#32 - A Great Engineer in the Age of AI

A couple of weeks ago I wrote an article titled, Your CEO Should Stress You Out. I wrote it because my CEO stresses me out.

His posture towards AI is one of the ways. He’s always trying out new AI tools, seeing if they can give us more leverage to move faster and grow bigger while keeping the team lean.

That’s the exact right thing to do, and if I were a rational human being, I’d see it that way.

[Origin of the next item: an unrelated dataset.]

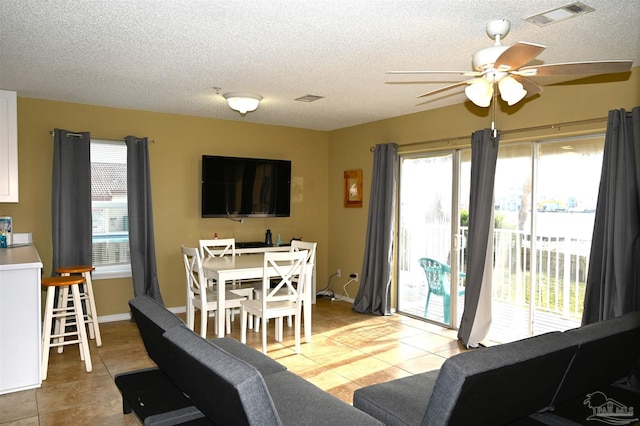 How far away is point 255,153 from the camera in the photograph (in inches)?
263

The problem is — I’m not rational. I’m a practicing software engineer that has had to watch AI rapidly improve at doing the things he’s spent years getting good at. Plus it’s doing those things faster, cheaper, and sometimes even *deep sigh*… better.

Every now and then, my ego compels me to tune out the AI news for a while. I did recently. And last week, just as I’d given myself enough time to slowly climb out of my existential hole, my CEO spartan kicks me back in by sending me this delightful opinion piece about “vibe coding”.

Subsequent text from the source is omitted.